Segment Start: SUPPLIED ENTRIES
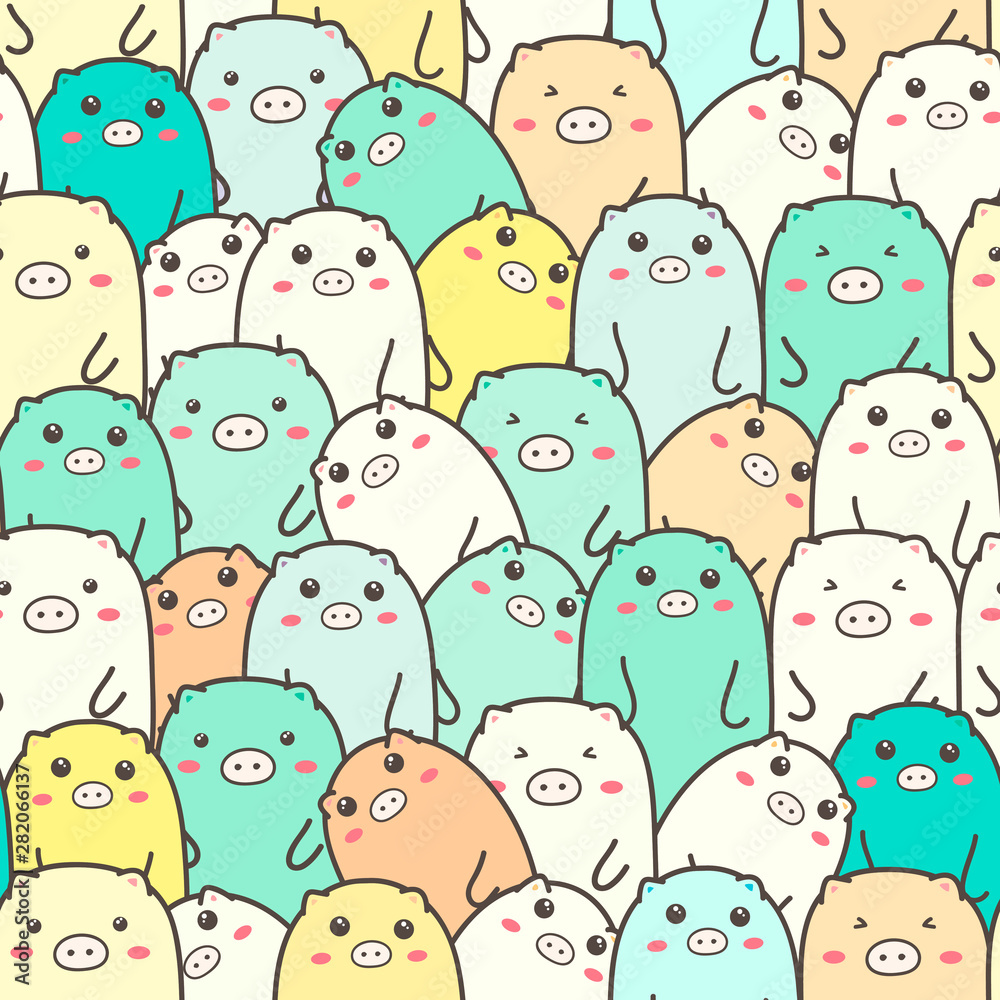 Obraz premium Cute pig seamless pattern background. Vector illustrations for gift wrap design.
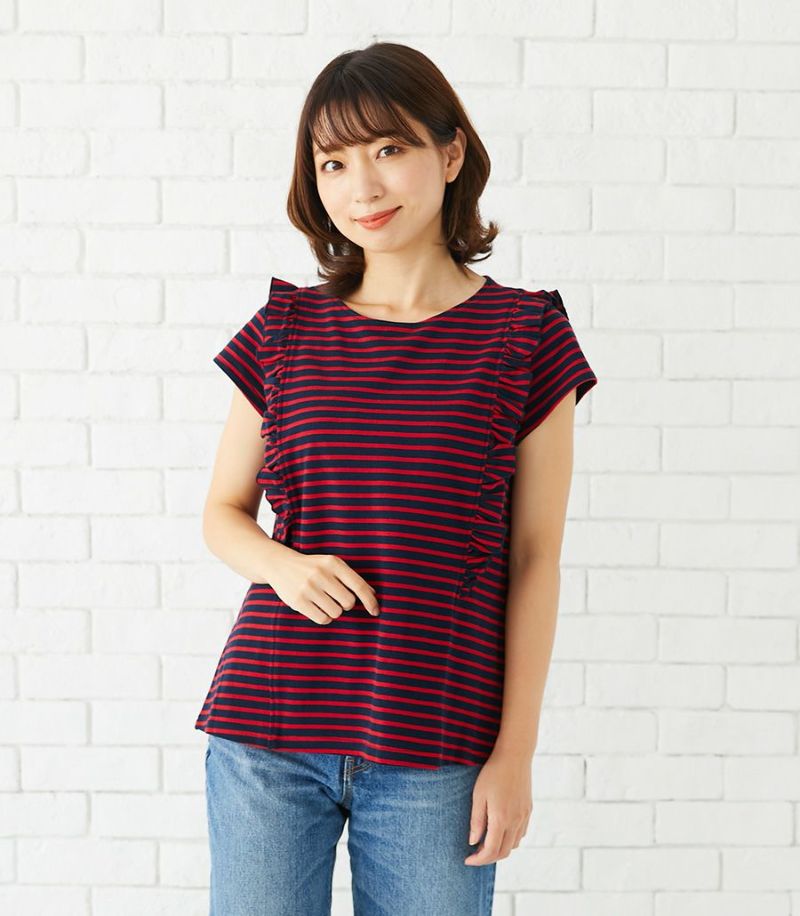 サマーセール50%OFF】カノコボーダーフリル 授乳服 マタニティ服 日本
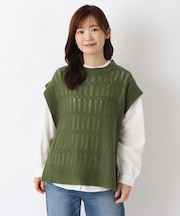 アクリルニット ブラウス アンサンブル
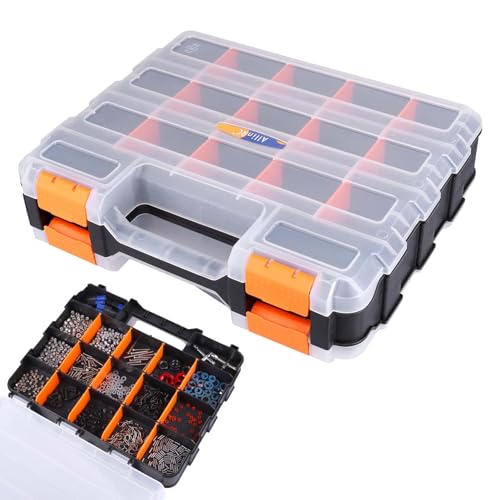 Small Parts Organizer Double Sided Parts Organizer with Removable Dividers 34-Compartments Storage Bins for Hardware, Screws, Nuts, Bolts, Washers, Nails, Fasteners, Tools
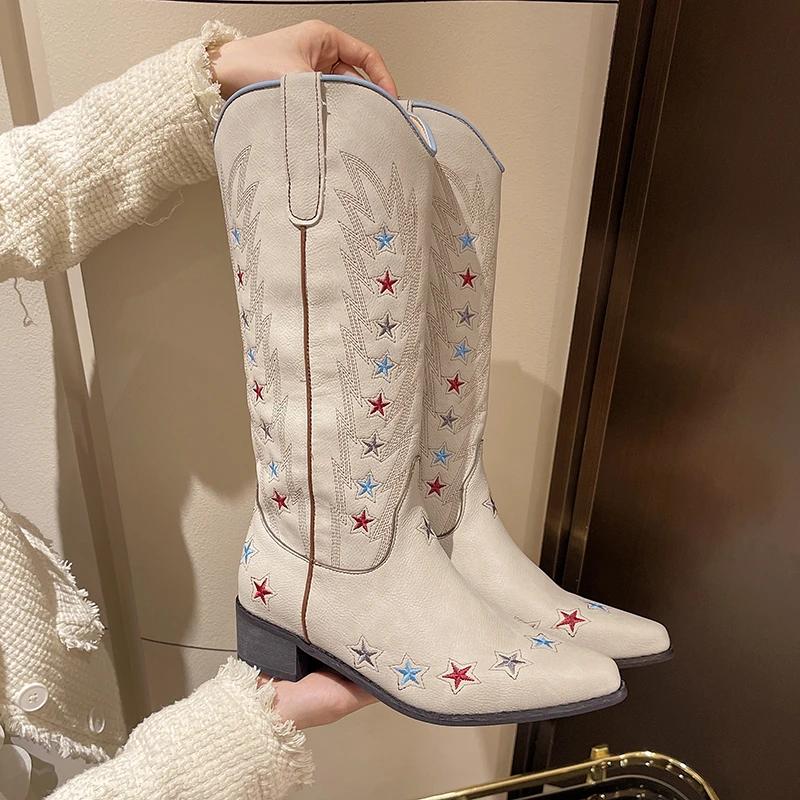 New Style Fashion Retro Boots Embroidered Pointed Western Cowboy Cowgirl Boots Women's Thick Heel High Boots Shoes Women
Segment End: SUPPLIED ENTRIES
*INSTRUCTIONS TO FOLLOW*
Transcribe the records above verbatim. Do not carry over any picture.

*TASK RESPONSE*
 Obraz premium Cute pig seamless pattern background. Vector illustrations for gift wrap design.
 サマーセール50%OFF】カノコボーダーフリル 授乳服 マタニティ服 日本
 アクリルニット ブラウス アンサンブル
 Small Parts Organizer Double Sided Parts Organizer with Removable Dividers 34-Compartments Storage Bins for Hardware, Screws, Nuts, Bolts, Washers, Nails, Fasteners, Tools
 New Style Fashion Retro Boots Embroidered Pointed Western Cowboy Cowgirl Boots Women's Thick Heel High Boots Shoes Women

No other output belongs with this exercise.